As a student at the University of Victoria, I understand that becoming a homeowner any time within the next five to 10 years is unrealistic. However, that doesn’t mean I’m not feeling the effects of our crooked housing market now. According to the Canada Mortgage and Housing Corporation’s (CMHC) Spring 2015 Rental Market Survey, Victoria’s apartment vacancy rate was at 1.8 per cent in 2015, down from 2.4 per cent in 2014. Now, it’s at 0.6 per cent, making it the lowest in Canada.
In addition, the low vacancy rate is steadily increasing the price of rent as middle class renters push out the low income students and families. For a student that leads a frugal lifestyle, often out of necessity, it raises a serious question: Why go to school in Victoria or Vancouver? Many University of British Columbia (UBC) students can’t justify the off (or on) campus rent prices and are opting to live at home in outlying municipalities like Coquitlam, requiring a daily commute of over an hour each way. In Victoria, I am seeing friends now opting to live in Esquimalt for the same reason.
The other problem with our housing market is that we students spend a larger percentage of our non-existent income on rent. The higher cost of living impacts our ability to spend within our communities because we will be rationing our savings for rent, alongside other necessities like food and tuition. The common way of addressing this problem is to take on a part-time job with full-time studies. But doing so increases a student’s stress load, and limits their free time to hang out with friends, study, participate in their community, and pursue other interests.
However, the effect of the housing market on me as a student is minor in comparison to what it is doing to our communities. Victoria and Vancouver’s housing costs are raising the poverty line, and while I can understand that some Victorians are angry about the tent city, poor management on the part of legislators makes the problem even more difficult to solve. How can you plan on putting people with low incomes into homes when the system is pushing middle-class people out?

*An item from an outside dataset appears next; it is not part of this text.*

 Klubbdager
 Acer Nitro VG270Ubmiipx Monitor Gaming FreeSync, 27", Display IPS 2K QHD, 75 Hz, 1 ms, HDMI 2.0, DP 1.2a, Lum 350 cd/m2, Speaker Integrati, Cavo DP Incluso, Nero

That’s why it’s awesome to hear that Vancouver is going to implement a tax on vacant homes, though I’m curious to see how they define ‘vacant’ and how they plan on policing the issue. As well, vacant homes only comprise 12.5 per cent of Vancouver’s condominiums and one per cent of single-detached homes, townhomes, and row houses, according to a vacant homes study. I know that this tax is necessary but there needs to be larger steps than a 1.5 per cent annual surcharge — as proposed by a group of UBC economists last January — on vacant homes. Although this will increase the supply and slow the rising cost of rental units, it is inadequate in addressing the root problem of rising market prices, which increased 25 per cent over one year in Metro Vancouver.
It is important to note that addressing the housing market problem requires support of the B.C. government, as many solutions are often outside municipal jurisdictions. I am happy to hear the provincial government is supportive of Vancouver’s initiative in taxing vacant homes. This shows that the B.C. government is heading in a positive direction as it looks to end the current self-regulating practices of the housing market. These initial steps will hopefully lead to a greater reinvestment in the local communities that need it most so that low-income earners aren’t left in the cold. As the pressure from the public continues to increase, the B.C. government needs to take real action now more than ever, before their previous inaction looks less like a blunder and more like a conscious choice.